# SureFire L4 Luxeon K2 TFFC SOB1250 Mod



## darkzero (Aug 12, 2009)

Here's a mod that I did for someone on another forum, not sure if he's here on CPF too. Nothing out of the ordinary but I don't think this has been done before as everyone goes with the quad die setup in KL4s. I've done plenty of P7 & MC-E KL4s but this one is probably my favorite. 

Owner wanted more throw so I bored out the head to accept a McR-20. Made a tighter fitting beefier heatsink. Driver potted for extra protection. Hope the owner enjoys!

-SureFire L4
-Luxeon K2 TFFC UWOE
-SOB1250 (measured 1244ma)
-McR-20


----------



## darkzero (Aug 12, 2009)

Beamshots taken at 15ft.

Left: SF L4 K2 TFFC mod, Right: Stock SF L4






Left: SF L4 K2 TFFC mod, Right: PD-S U2SVOH 720ma (my EDC)






Left: SF L4 K2 TFFC mod, Right: HD45 XX1T NewBB (keep in mind this is a 45mm reflector with a X-bin LuxV)

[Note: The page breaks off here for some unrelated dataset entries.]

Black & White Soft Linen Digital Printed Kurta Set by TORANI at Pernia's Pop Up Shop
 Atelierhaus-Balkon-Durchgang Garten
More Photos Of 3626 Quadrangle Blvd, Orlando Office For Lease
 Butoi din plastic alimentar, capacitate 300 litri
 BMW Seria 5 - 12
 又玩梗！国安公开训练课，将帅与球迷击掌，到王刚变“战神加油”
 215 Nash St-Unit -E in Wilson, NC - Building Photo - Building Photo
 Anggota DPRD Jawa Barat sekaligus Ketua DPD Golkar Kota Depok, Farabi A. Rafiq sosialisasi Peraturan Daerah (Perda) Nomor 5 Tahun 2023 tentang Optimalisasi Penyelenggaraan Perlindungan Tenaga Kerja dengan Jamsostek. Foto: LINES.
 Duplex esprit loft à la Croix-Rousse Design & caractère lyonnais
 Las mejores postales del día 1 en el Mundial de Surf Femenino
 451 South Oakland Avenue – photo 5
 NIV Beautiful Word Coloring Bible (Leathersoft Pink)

Left: Left: SF L4 K2 TFFC mod, Right: Aleph3 WX1S DB1250


----------



## mossyoak (Aug 12, 2009)

any idea as to the OTF lumens and what type of runtime the lucky new owner will get?
i bet the beamshot of this light is beautiful, it should be just like a mcg with a lux3 in it. just significantly brighter.


----------



## darkzero (Aug 12, 2009)

mossyoak said:


> any idea as to the OTF lumens and what type of runtime the lucky new owner will get?
> i bet the beamshot of this light is beautiful, it should be just like a mcg with a lux3 in it. just significantly brighter.


 
No idea what the actual runtime is but one can calculate it. I believe the owber will be using lithium primaries with it. I'm working on posting beamshots now.


----------



## mossyoak (Aug 12, 2009)

darkzero said:


> No idea what the actual runtime is but one can calculate it. I believe the owber will be using lithium primaries with it. I'm working on posting beamshots now.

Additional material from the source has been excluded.